====== Data segment ======
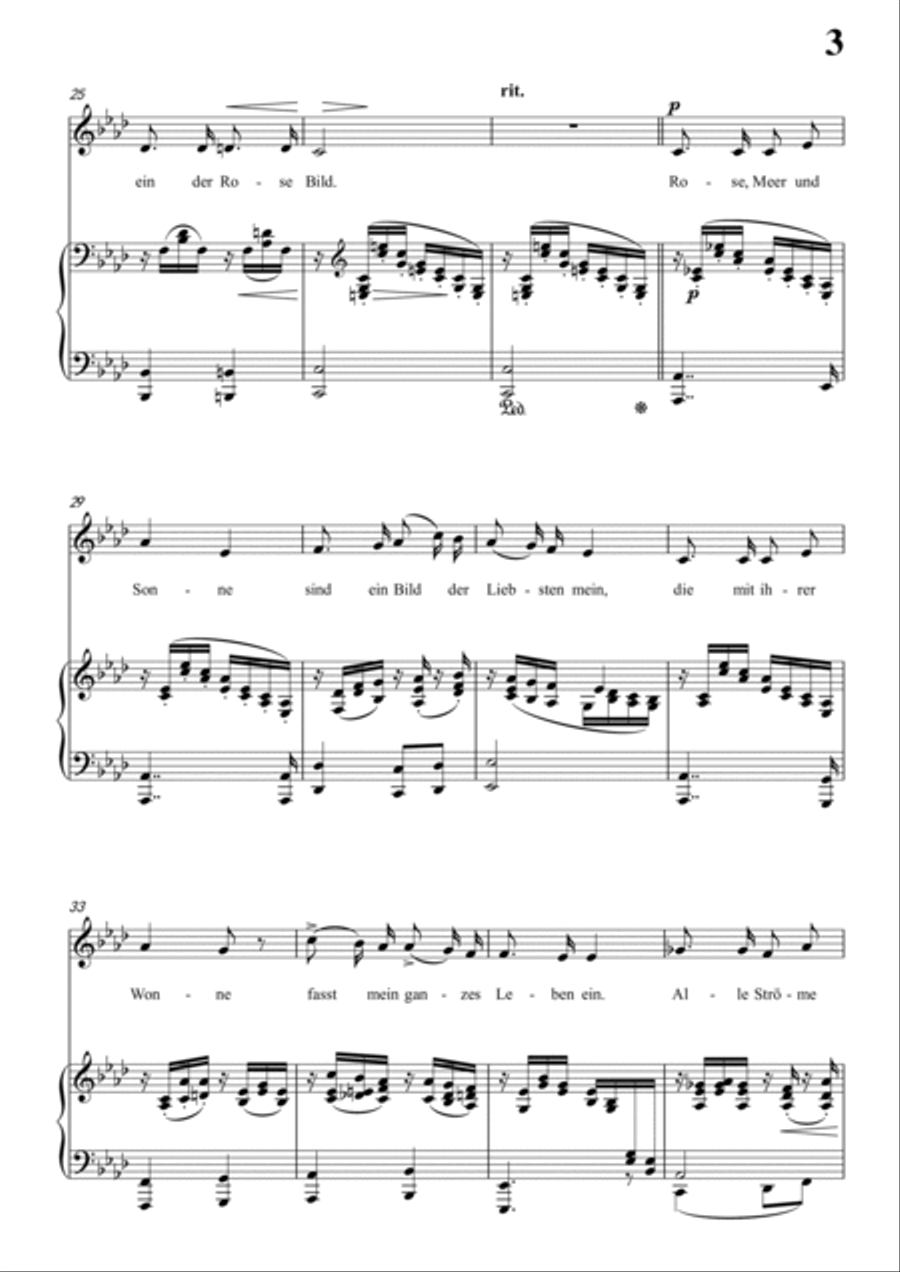 Schumann-Rose,Meer und Sonne in A♭ Major for Voice and Piano Voice Solo scores gallery preview page 4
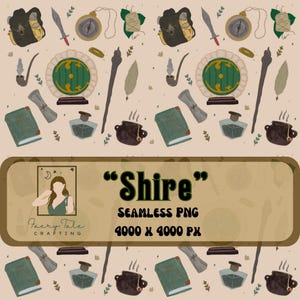 May include: A seamless PNG pattern with fantasy illustrations, including a hobbit door, books, compasses, and bags. The design also features a wand, a pipe, and other related elements. The text "Shire" is displayed, along with "Seamless PNG" and dimensions.
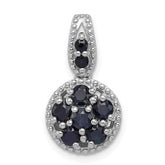 Sterling Silver Rhodium-plated & Sapphire Circle Pendant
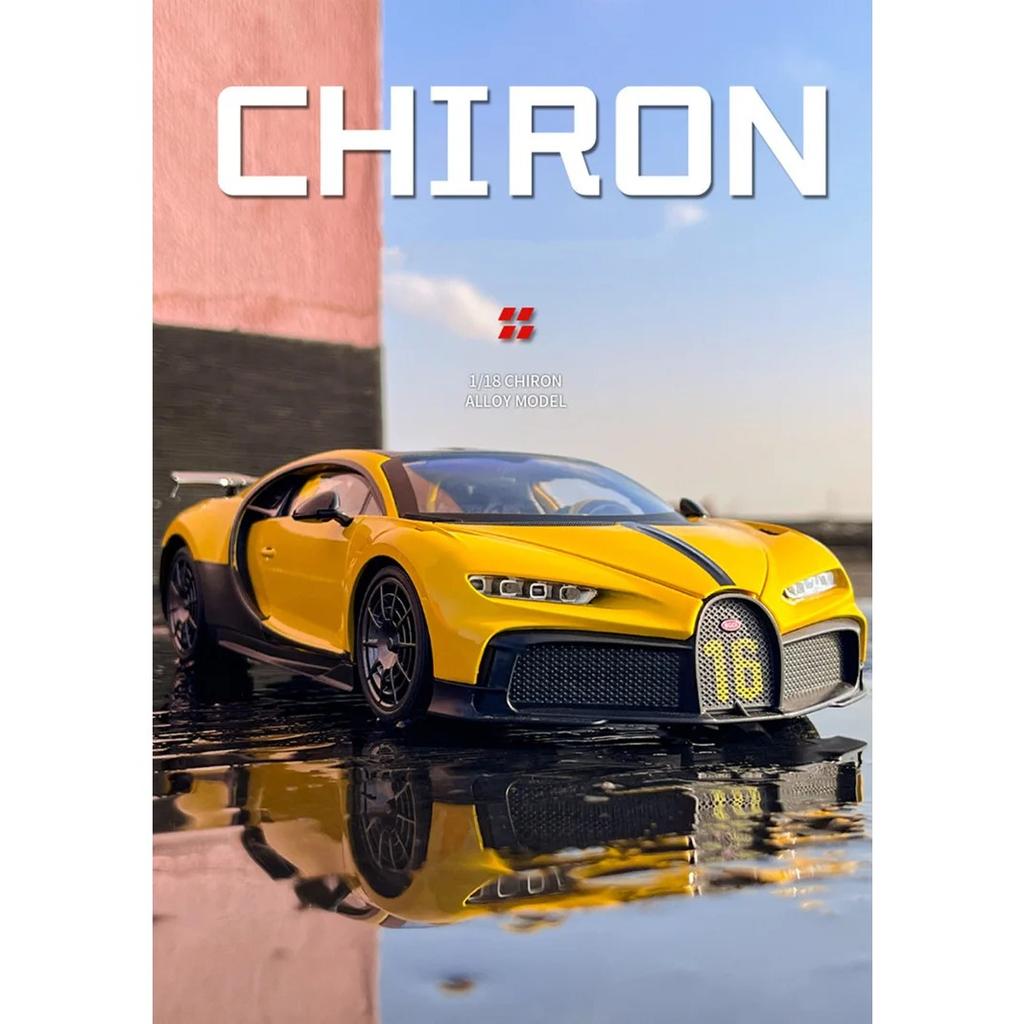 1/18 Bugatti Chiron PUR SPORT Alloy Sports Model Diecasts Metal Racing Super Car Model Simulation Sound and Light Kids Toys Gift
======
[Exercise aim]:
Print the listing again exactly, please. Keep the pictures out of it.

[Expected answer]:
 Schumann-Rose,Meer und Sonne in A♭ Major for Voice and Piano Voice Solo scores gallery preview page 4
 May include: A seamless PNG pattern with fantasy illustrations, including a hobbit door, books, compasses, and bags. The design also features a wand, a pipe, and other related elements. The text "Shire" is displayed, along with "Seamless PNG" and dimensions.
 Sterling Silver Rhodium-plated & Sapphire Circle Pendant
 1/18 Bugatti Chiron PUR SPORT Alloy Sports Model Diecasts Metal Racing Super Car Model Simulation Sound and Light Kids Toys Gift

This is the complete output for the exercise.